The Audacity of racist Khin Aung Myint, speaker of Myanmar parliament's upper house


Scores of boats are currently believed to be adrift in the Andaman Sea with up to 10,000 people onboardHundreds of the ethnic minority, mainly Muslim refugees from Myanmar, have made it ashore in the past couple of weeks, despite initially being forced back to sea as countries in the region — including Australia — ruled out taking them in.

And yet, the government of Myanmar, the source country that produced these migrants continues to lie and deny their responsibility for the horrendous crimes that it has been perpetrating against these people. Speaker of Myanmar parliament's upper house, Khin Aung Myint, was in Canberra to help open the new Myanmar Research Centre at the Australian National University (ANU). 

Speaking through a translator Myint today criticized calls for Myanmar to accept the refugees and argued other countries also refused to welcome them. "I want to urge everyone, to look at everyone among these boat people, they cannot speak the Myanmar language, and they don't look like Myanmar people," Mr Myint said.
"When you try to investigate, clearly they are not from Myanmar. "We're also aware that Australia is not accepting them, likewise Myanmar cannot accept them." Myint further asserted, "During the British colonisation, Myanmar was a part of India, and a lot of labourers migrated to Myanmar."

Again, that age old racist excuse: the 'other' people are racially different and they don't speak like 'us.' I am not amused. Yes, the Rohingya people, who are the first settlers in the crescent of the Arakan state are of Indian origin, as were their Chandra rulers before the pale-faced Mongoloids from Tibet and Burma over-ran the place nearly a thousand years ago. To claim that they are a British-era phenomenon is to deny their origin and history. 

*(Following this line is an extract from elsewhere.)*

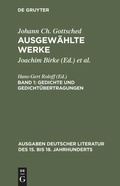 Cover: Gedichte und Gedicht&uuml;bertragungen - De Gruyter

As reported in the ABC news, Myint's is a position the Rohingyan people do not agree with, including Kyaw Min from the Democracy and Human Rights Party.
"Perhaps the human traffickers had brought some Bengali also from Bangladesh," Mr Min said. "It has created a sort of complication. "These people, in my hope should be returned to their native place, and they should be resettled and they should have some opportunities there, so they are not in a circumstance that will compel them to flee their land."  

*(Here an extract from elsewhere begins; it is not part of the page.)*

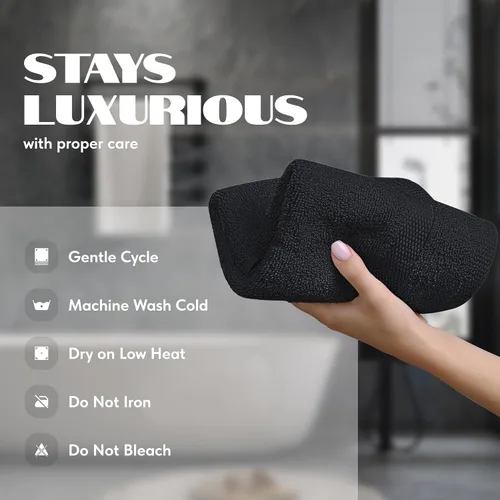 Miniatura 6 de Toallas de mano blancas clásicas para baño [paquete de 12] Toallas de mano de algodón a granel para gimnasio, cocina y spa, 16x27 pulgadas, toallas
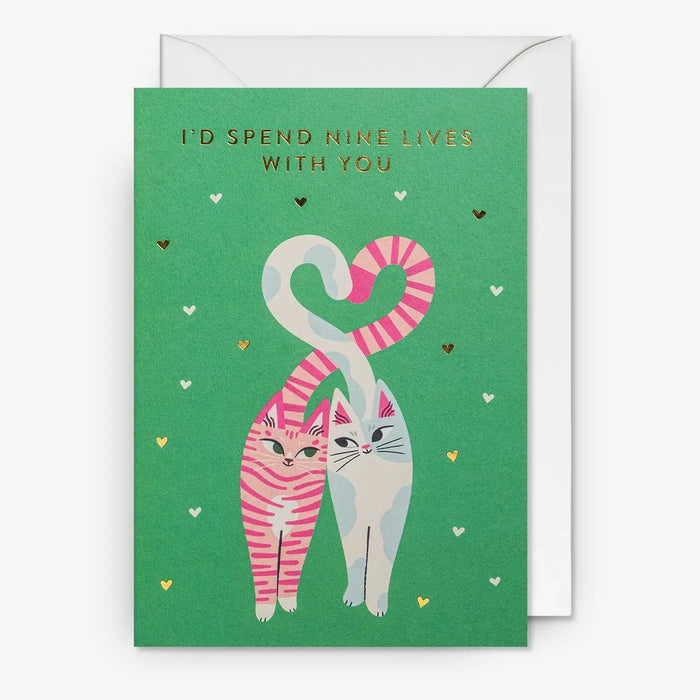 Klappkarte-mit-Umschlag-Format-A6-109x155mm-Designer-Essi-Kimpimaeki-Motiv-I_d-Spend-Nine-Lives-with-You-Cats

Mr Min spent years in jail, and has since had his citizenship status changed.
"The international community should be aware of this problem, the seriousness of this problem," he said. 

"The Rohingyas have two options, one to live in their camps and die there soon, or flee from the camp and face some unpredictable risks in the future."
Mr Min has called on the international community to step up.

"These people have the right to enjoy the protections of international community," he said. "If the international community do not engage in their obligation, it is the failure of the international community — [the] so-called civilised world."

The ANU Myanmar Research Centre plans to build on the breadth of knowledge the university has in South-East Asian affairs, according to the School of Asia Pacific Affairs Nicholas Farrelly. "The Myanmar government over many decades now has mistreated this Rohingya population in ways that have forced many people to seek sanctuary elsewhere," he said.

"There are perhaps half a million Rohingya living in relatively insecure conditions across the border in Bangladesh, it's only natural that some will also seek out safe havens across the Andaman Sea. "It's difficult for many Myanmar powerbrokers to directly broach aspects of this particular issue, within Myanmar, the topic of the Rohingya is incredibly sensitive, indeed explosively so," said Farrelly.